Once you find the line with "Suavitel Waterfall Mist" in the entries below, print it and each line after it up to and including the line with "Zara - chemise rose - 10 ans", exactly, without pictures.
==== Records provided
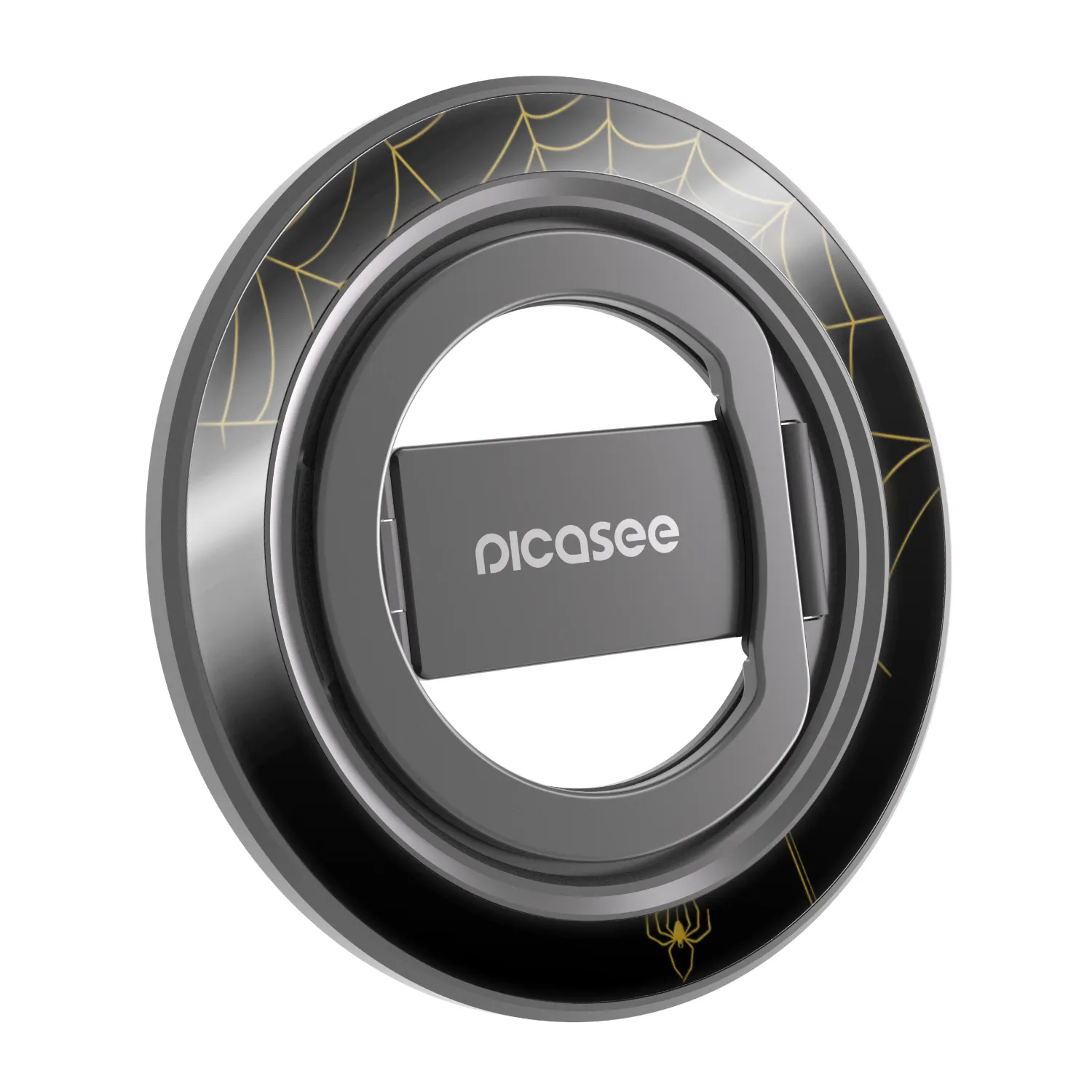 Picasee Magnetic holder - Crna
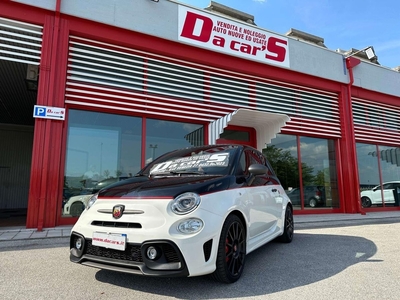 Abarth 595 1.4 Turbo T-Jet 180 CV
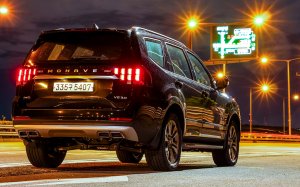 2024 KIA Mohave - Обзор интерьера и экстерьера.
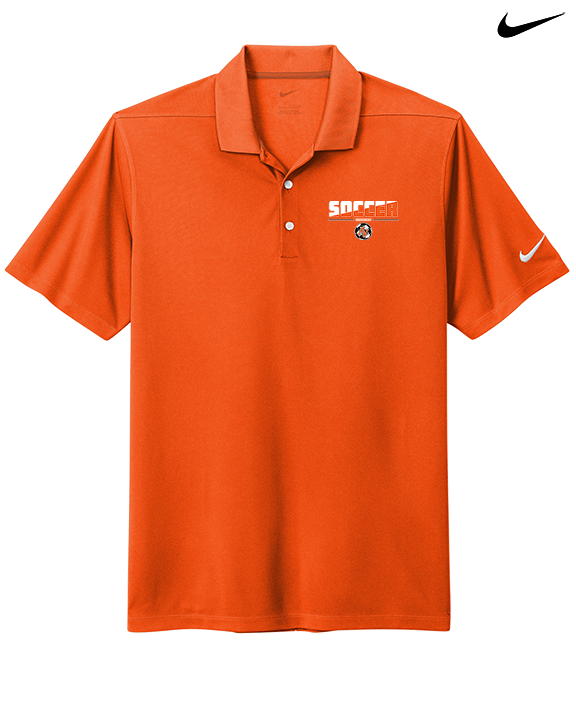 Apple Valley HS Girls Soccer Cut - Nike Polo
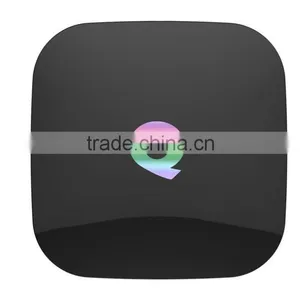 Q Box Android 5.1 TV BOX Amlogic S905 64bits 2GB/16GB Gigabit LAN WiFi Bluetooth H.265 KODI 16.0 Smart TV Box thumbnail-2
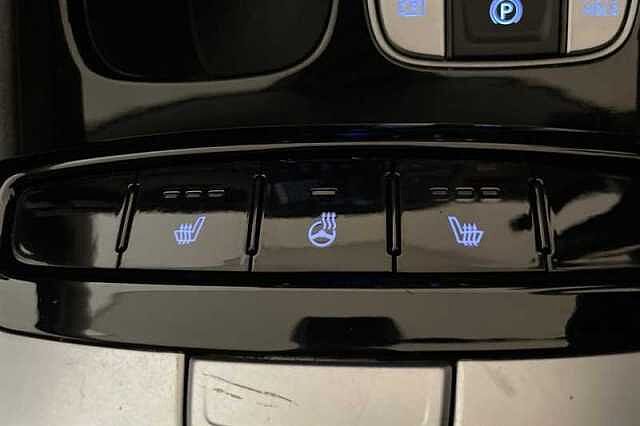 Hyundai TUCSON 1.6 T-GDi MHEV Premium SUV 5dr Petrol Hybrid DCT Euro 6 (s/s) (150 ps)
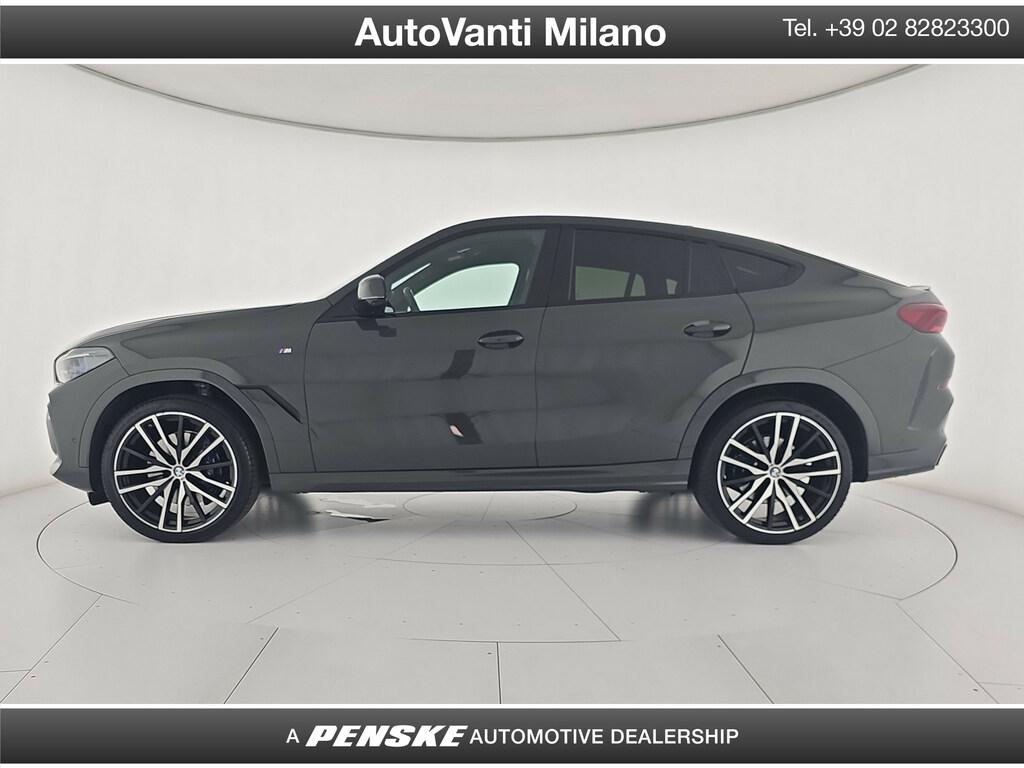 BMW X6 X6 xdrive30d mhev 48V Msport auto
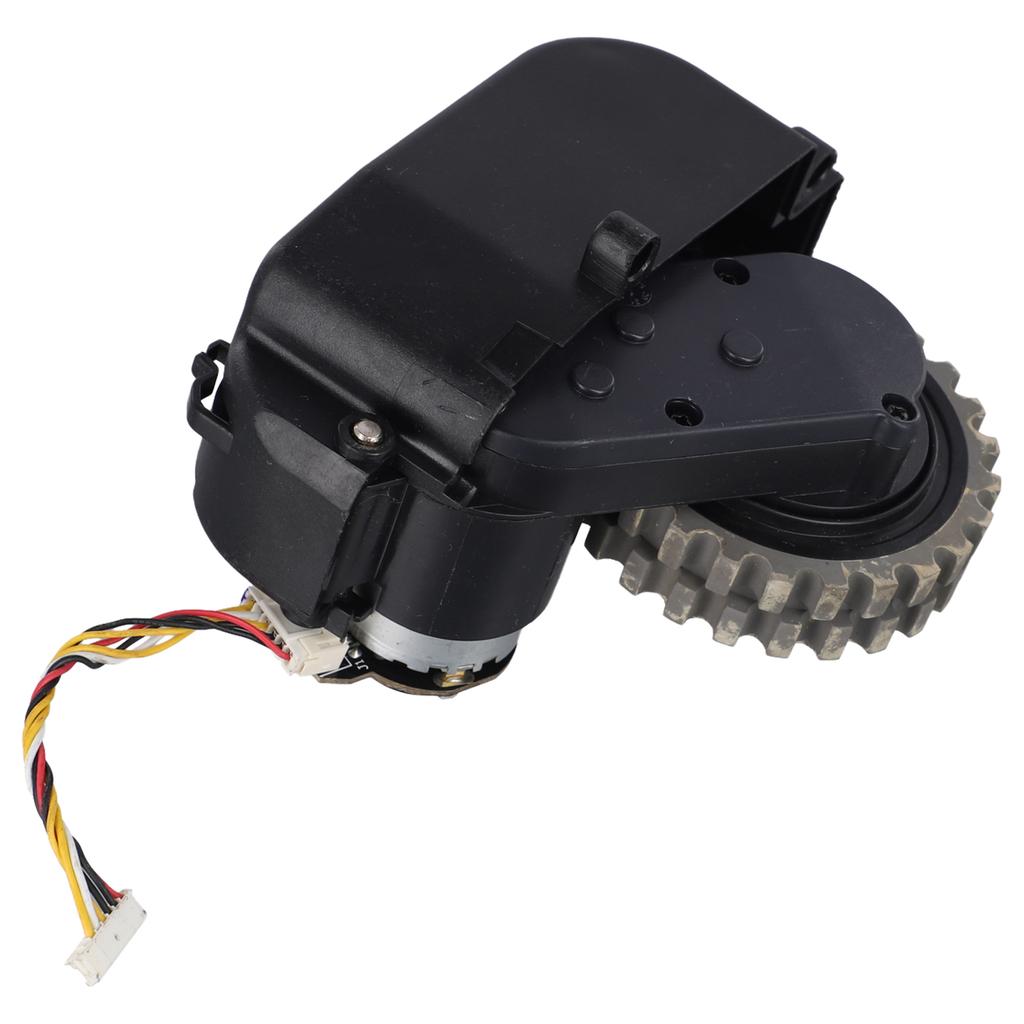 Assist The Robot Wheel Black Driving Household Cleaning Left Wheel Right Wheel Garden Outdoor Living 100% Brand New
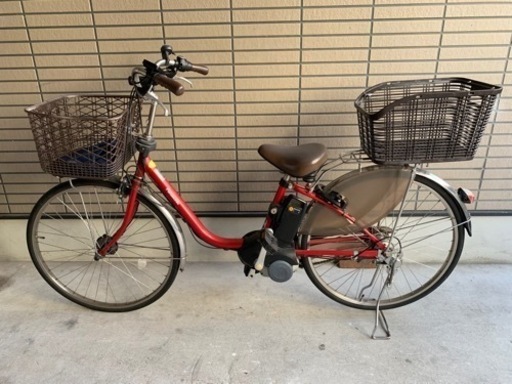 Panasonic電動自転車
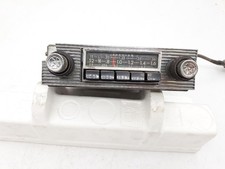 Autoradio epoca Autovox OM Fiat 1300 124 Lancia Fulvia BMW 1602 no Voxso  Becker
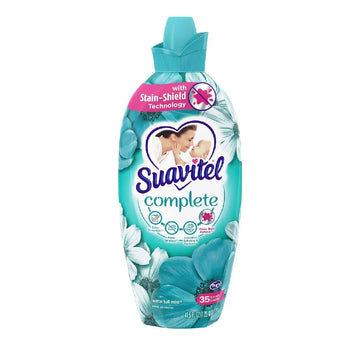 Suavitel Waterfall Mist Complete Fabric Softener 41.5 oz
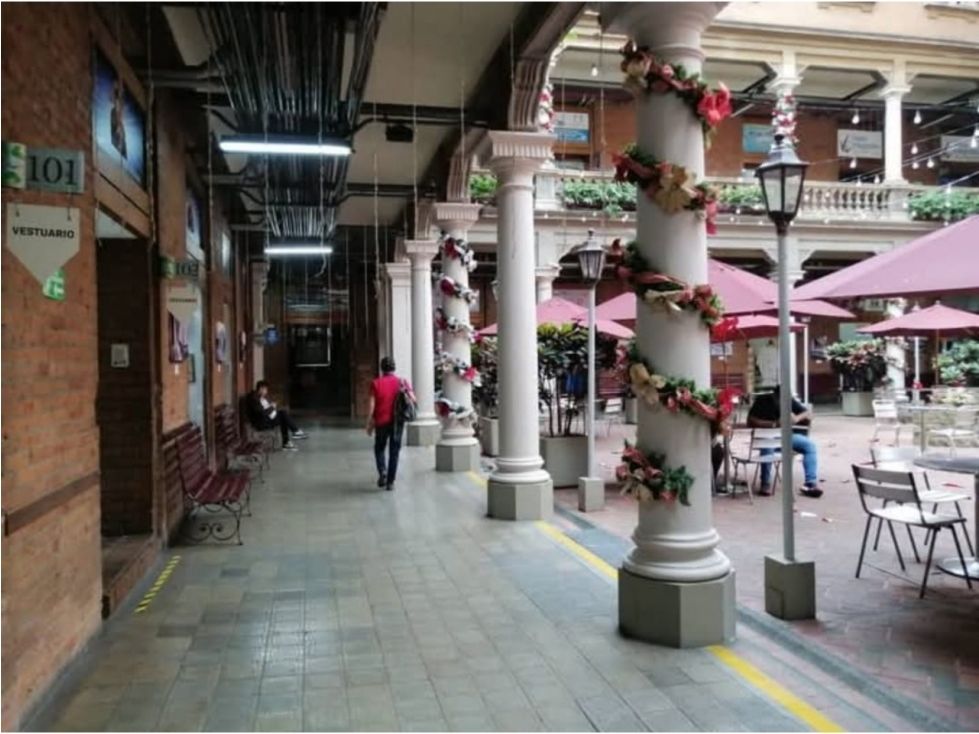 Local en venta Antioquia Medellín Villanueva 20 m2 Habitaciones 0 Baños 1 Garajes 0 Precio $350000000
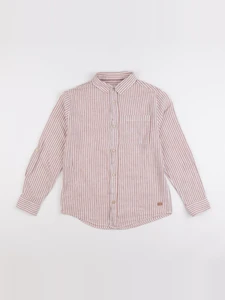 Zara - chemise rose - 10 ans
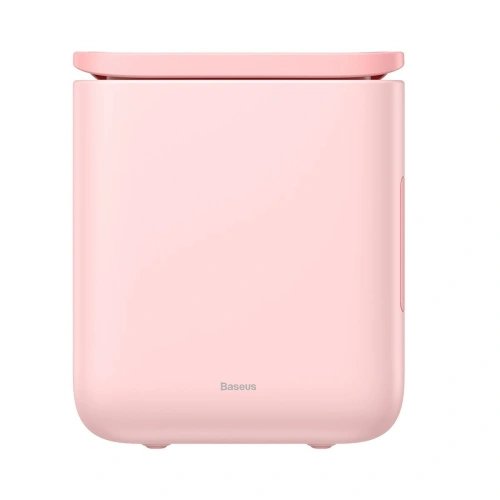 Kup Mini lednička Baseus Igloo s funkcí ohřevu, 6L, 230V (růžová) - BSU2680PNK - {ean13} - Sklep Home Screen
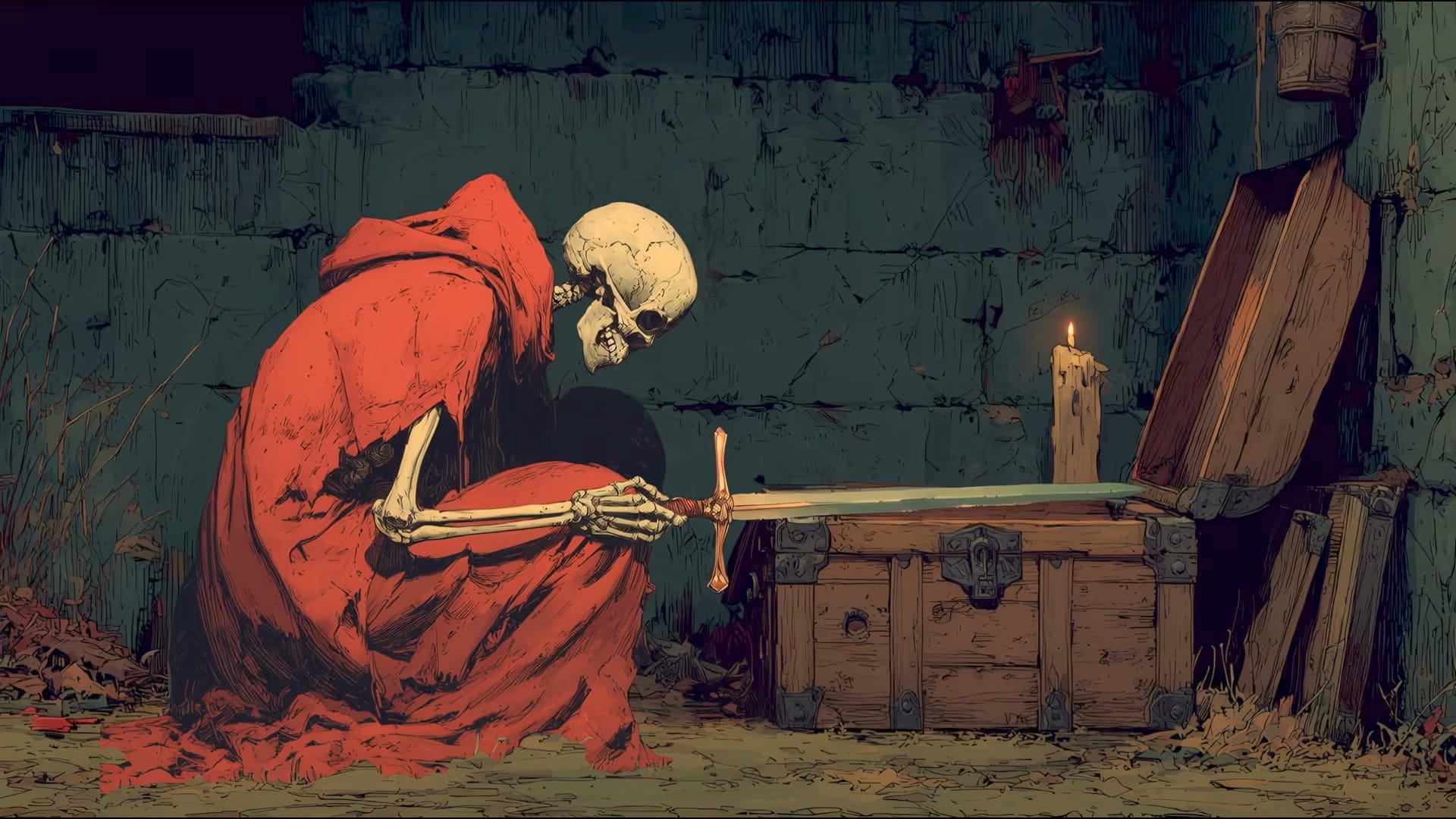 NO SOUL SOCIETY Puts the Whole Lyric Sheet Under Every Video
========
Result of the exercise:
 Suavitel Waterfall Mist Complete Fabric Softener 41.5 oz
 Local en venta Antioquia Medellín Villanueva 20 m2 Habitaciones 0 Baños 1 Garajes 0 Precio $350000000
 Zara - chemise rose - 10 ans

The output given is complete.